Domestic team information
- 2015/16–present: Wellington

Career statistics
| Competition | WODI | WT20I | WLA | WT20 |
| Matches | 1 | 1 | 56 | 50 |
| Runs scored | – | – | 1,384 | 180 |
| Batting average | – | – | 36.42 | 10.00 |
| 100s/50s | – | – | 2/6 | 0/0 |
| Top score | – | – | 153* | 28 |
| Catches/stumpings | 1/1 | 0/0 | 47/22 | 21/26 |

Medal record
Representing New Zealand
Women's Cricket
Commonwealth Games
| Bronze medal – third place | 2022 Birmingham | Team |
- Source: CricketArchive, 13 February 2023

= Jess McFadyen =

New Zealand cricketer (born 1991)

Jessica Toihi McFadyen (born 5 October 1991) is a New Zealand cricketer who plays as a wicket-keeper for the Wellington Blaze. In November 2020, in the second round of the 2020–21 Hallyburton Johnstone Shield tournament, McFadyen scored 107 runs. She finished the tournament as the leading run-scorer for Wellington, with 397 runs in ten matches.

In May 2021, McFadyen was offered her first contract with the New Zealand women's cricket team. In August 2021, McFadyen earned her maiden call-up to the New Zealand women's cricket team, for their tour of England.

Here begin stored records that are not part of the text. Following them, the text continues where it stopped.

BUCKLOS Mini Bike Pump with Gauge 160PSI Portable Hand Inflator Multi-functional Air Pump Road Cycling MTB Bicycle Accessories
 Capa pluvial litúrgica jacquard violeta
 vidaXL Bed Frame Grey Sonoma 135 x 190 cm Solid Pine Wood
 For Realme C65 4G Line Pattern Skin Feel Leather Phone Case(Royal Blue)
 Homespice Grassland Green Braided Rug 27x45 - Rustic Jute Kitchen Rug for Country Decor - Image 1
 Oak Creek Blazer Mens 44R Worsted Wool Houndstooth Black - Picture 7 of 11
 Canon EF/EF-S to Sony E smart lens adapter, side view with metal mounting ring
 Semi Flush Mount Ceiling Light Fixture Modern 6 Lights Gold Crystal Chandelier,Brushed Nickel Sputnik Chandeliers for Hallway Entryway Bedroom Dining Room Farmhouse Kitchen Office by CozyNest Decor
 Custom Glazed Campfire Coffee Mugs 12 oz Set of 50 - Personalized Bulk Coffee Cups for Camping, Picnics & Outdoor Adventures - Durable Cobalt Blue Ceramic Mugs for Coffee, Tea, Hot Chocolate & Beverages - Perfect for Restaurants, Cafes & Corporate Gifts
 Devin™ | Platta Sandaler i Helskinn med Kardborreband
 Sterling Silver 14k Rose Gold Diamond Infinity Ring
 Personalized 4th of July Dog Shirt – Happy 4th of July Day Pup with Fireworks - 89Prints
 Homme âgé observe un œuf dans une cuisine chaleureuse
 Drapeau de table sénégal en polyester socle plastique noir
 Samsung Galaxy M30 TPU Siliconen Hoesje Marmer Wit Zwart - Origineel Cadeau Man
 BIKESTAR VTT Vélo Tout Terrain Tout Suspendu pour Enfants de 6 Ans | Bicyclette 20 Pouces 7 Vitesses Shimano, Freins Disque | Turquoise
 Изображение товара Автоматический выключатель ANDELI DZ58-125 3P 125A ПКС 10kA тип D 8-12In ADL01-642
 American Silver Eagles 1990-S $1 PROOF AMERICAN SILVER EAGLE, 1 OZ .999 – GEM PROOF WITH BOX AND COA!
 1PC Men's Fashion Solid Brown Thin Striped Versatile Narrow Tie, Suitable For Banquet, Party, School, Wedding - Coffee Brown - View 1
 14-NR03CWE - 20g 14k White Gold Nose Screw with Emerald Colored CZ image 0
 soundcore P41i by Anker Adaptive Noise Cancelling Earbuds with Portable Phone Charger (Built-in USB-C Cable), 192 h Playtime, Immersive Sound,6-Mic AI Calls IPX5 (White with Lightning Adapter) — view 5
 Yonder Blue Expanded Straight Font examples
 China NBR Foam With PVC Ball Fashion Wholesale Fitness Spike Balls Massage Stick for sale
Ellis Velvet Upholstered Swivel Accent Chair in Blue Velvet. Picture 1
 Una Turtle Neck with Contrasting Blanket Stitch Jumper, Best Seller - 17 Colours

In June 2022, McFadyen was named in New Zealand's team for the cricket tournament at the 2022 Commonwealth Games in Birmingham, England. She made her Twenty20 International debut on 2 December 2022, against Bangladesh, but fell ill during the game and did not bat or keep wicket. She made her One Day International debut on 11 December 2022, also against Bangladesh, taking one catch and making one stumping.

In 2024, McFadyen was named vice-captain of the New Zealand Māori women's cricket team for the 2024 Women's T20I Pacific Cup.